Furthermore, two logistic regression models that predicted response by survey delivery were assessed: one that controlled for course differences and one that did not (see Appendix A). This model with control variables explained significantly more variance in the outcome than a null model, χ2(6) = 1507.3, p <.001, Nagelkerke R2 = 0.45, and yielded accurate predictions for 71.8 % of the sample. Hence, the model was considered appropriate for explaining survey response. The effect of the twofold survey delivery, B = 3.18, p < .001, deviated positively and significantly from zero, controlling for course-level differences. More specifically, the odds of survey response versus non- response were 23.95 times as large for those who received both the twofold survey in comparison to those who only received the email-based survey. This substantiated that the additional embedded survey increased the survey response considerably.
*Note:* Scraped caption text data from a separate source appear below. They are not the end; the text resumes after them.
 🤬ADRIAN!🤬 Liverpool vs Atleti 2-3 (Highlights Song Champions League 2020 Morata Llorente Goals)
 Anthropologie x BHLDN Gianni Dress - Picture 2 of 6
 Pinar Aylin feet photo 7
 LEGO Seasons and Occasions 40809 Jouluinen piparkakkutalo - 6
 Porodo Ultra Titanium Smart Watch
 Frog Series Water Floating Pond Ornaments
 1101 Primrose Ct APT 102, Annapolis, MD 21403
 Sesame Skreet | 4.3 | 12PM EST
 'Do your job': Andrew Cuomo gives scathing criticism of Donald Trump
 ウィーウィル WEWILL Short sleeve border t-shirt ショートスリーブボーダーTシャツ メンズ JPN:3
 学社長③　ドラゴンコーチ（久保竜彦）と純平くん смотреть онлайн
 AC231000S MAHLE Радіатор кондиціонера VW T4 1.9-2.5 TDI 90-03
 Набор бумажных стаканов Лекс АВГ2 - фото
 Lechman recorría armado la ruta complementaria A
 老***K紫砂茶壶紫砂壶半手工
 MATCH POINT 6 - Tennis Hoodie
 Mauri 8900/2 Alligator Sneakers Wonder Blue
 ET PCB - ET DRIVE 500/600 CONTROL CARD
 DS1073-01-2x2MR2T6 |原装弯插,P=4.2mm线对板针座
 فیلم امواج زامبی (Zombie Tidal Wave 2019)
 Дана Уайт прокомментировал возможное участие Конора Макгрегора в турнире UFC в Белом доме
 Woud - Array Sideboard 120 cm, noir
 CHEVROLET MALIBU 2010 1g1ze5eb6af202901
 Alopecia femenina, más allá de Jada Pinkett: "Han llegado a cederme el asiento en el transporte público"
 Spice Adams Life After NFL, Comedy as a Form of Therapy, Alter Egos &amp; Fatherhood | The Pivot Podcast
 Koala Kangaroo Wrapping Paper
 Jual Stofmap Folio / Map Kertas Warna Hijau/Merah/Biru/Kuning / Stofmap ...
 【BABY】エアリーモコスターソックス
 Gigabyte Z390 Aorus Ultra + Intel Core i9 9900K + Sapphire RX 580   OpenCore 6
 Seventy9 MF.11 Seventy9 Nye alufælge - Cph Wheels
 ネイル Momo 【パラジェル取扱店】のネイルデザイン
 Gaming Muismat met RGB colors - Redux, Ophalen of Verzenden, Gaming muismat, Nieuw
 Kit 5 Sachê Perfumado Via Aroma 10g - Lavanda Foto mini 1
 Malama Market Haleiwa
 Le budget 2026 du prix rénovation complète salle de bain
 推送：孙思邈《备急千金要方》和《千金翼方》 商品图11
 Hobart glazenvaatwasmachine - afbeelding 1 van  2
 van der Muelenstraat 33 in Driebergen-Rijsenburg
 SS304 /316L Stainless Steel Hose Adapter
4.2. The influence of survey delivery on represented demographics
To gain a global understanding of the potential impact of the survey delivery mode on the representation of demographics, differences between the two survey deliveries in the descriptive results of the demographic survey were examined (see Table 3).
Table 3
Descriptive statistics on demographics per survey delivery Range M (SD) Email-based survey (N = 138) Twofold survey (N = 1,125) Female 1/0 41.3% 49.5% Ethnic minority 1/0 13.0% 18.0% Developing country 1/0 39.1% 42.0% Age 16-75 38.01 (12.80) 34.01 (11.19) Educational attainment 0-10 7.43 (1.60) 7.30 (1.86) Parental education 0-10 6.27 (2.76) 5.91 (2.65) Note. Statistics are based on imputed data sets. For each variable, < 8% is imputed
The sample based on the twofold survey delivery represented a larger proportion of women, larger proportion of ethnic minorities and slightly larger proportion of learners from developing countries. Furthermore, the descriptive results of the twofold survey delivery reflected a lower average age, a slightly lower average educational attainment and lower parental education than the results of on the email-based survey.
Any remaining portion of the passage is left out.